Fixing Libor, Redux

The FT’s Lombard column asks a good question today: Why is Libor used as a basis for US loans in the first place?

Dollar Libor started life three decades ago as a "eurodollar" index – meaning it was mostly used by international banks trading in London. But in the past decade, the index has been used as the benchmark for a mountain of domestic US contracts. In good times, nobody noticed this discrepancy (and the BBA simply enjoyed the boost to its brand), but now the pitfalls of basing so much domestic US activity on an index compiled in London have been laid bare.

This problem could be solved by creating a new US-focused dollar index, perhaps set during New York trading time with US banks.

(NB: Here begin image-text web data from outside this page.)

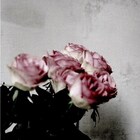 Lampの榊原が参加する郷愁ポップユニットMinuano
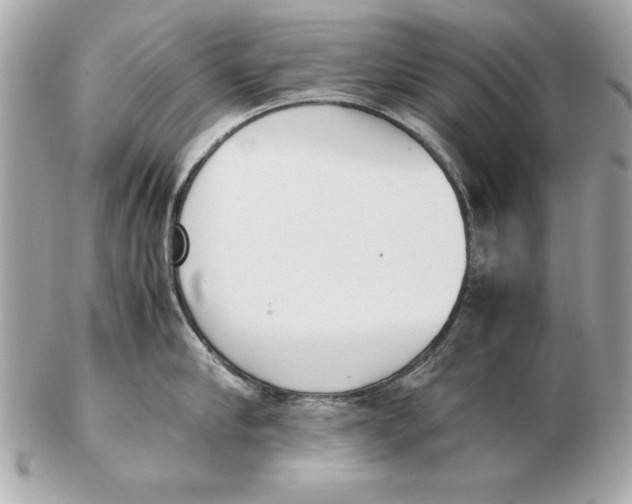 X0000102470910200808291601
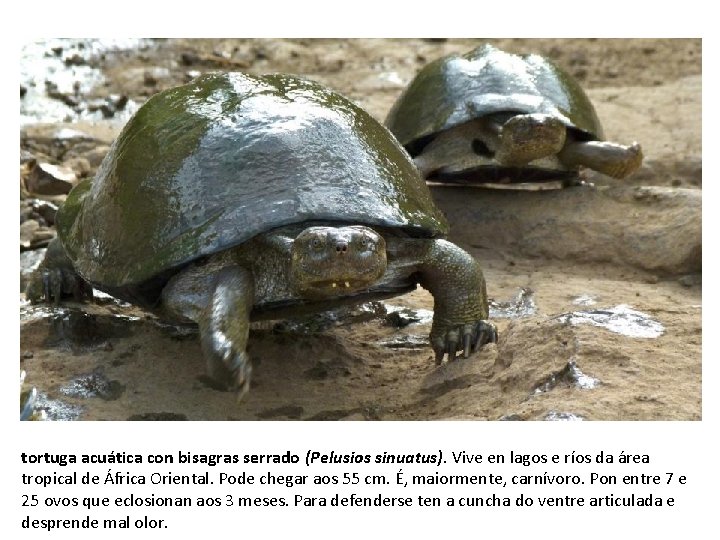 tortuga acuática con bisagras serrado (Pelusios sinuatus). Vive en lagos e ríos da área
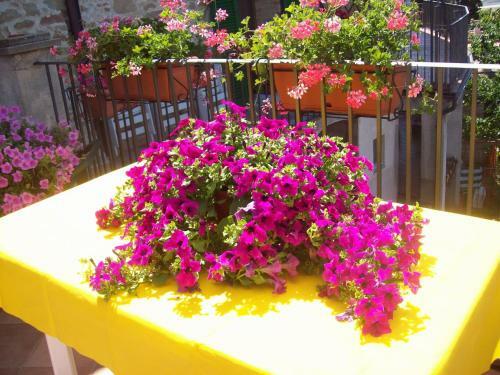 Bed & Breakfast La Terrazza Fio...rita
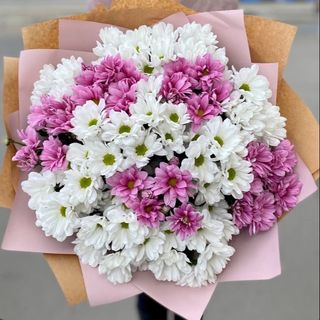 ფერადი ქრიზანთემა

Of course, there is now such an index – NYFR. We’ll see whether it takes off or not. But the idea behind it makes sense. Remember why eurodollars began in the first place, in the late 1950s: the Soviet Union was worried about expropriation risk on its dollars in New York. Later, in the 1960s, the eurobond market emerged as a "pure" bond market: because the money was all lent and borrowed outside the US, there was no way of it becoming subject to US taxation or other regulation.

Nowadays, the US neither has capital controls and nor is there much of a risk that it will impose them in future. But there is still a difference between onshore and offshore dollars, and it makes sense to peg onshore loans to an onshore index rather than a eurodollar index.

That said, however, I’m not entirely clear why such an index should necessarily be based on interbank lending rates. There are alternatives: not just eurodollar rates (which wouldn’t solve this particular problem) but also domestic CD rates – the rate at which banks fund themselves in the CD market. Explain Stanford’s John Taylor and the San Francisco Fed’s John Williams, in a recent paper:

The argument is that banks are

reluctant to lend funds in the inter-bank market because of uncertainty about their own

future need for funds, perhaps because of concerns about risk in their own balance sheet.

We referred to this phenomenon as “liquidity risk” in our earlier paper.

One way to discriminate between liquidity risk and counterparty risk is to look at

rates paid when parties other than banks lend to banks, as in the market for certificates of

deposit. As long as lenders exist who are not constrained by liquidity concerns, banks

who seek to hoard liquidity can borrow from these lenders in the CD market.

Taylor and Williams find that "CD rates have tracked Libor

and other inter-bank term lending rates closely during the crisis, except for a few notable

episodes, suggesting that liquidity risk is not a significant separate factor driving term

lending rates." But those notable episodes include a large chunk of this year, especially in the longer-maturity 3-month Libor rate.

Maybe the answer here is to add commercial lenders to the Libor mix: include the CD rate as another input, since it is ultimately a bank funding rate. After all, the key reason for using Libor in the first place is that it represents banks’ wholesale unsecured funding costs: the fact that it’s an interbank rate is largely incidental.

(Thanks to Darrell Duffie for pointing me to the Taylor paper. And thanks to Padraig Fallon for forcing me to learn the history of the euromarkets back when I started at Euromoney in 1995: I knew it would come in useful one day!)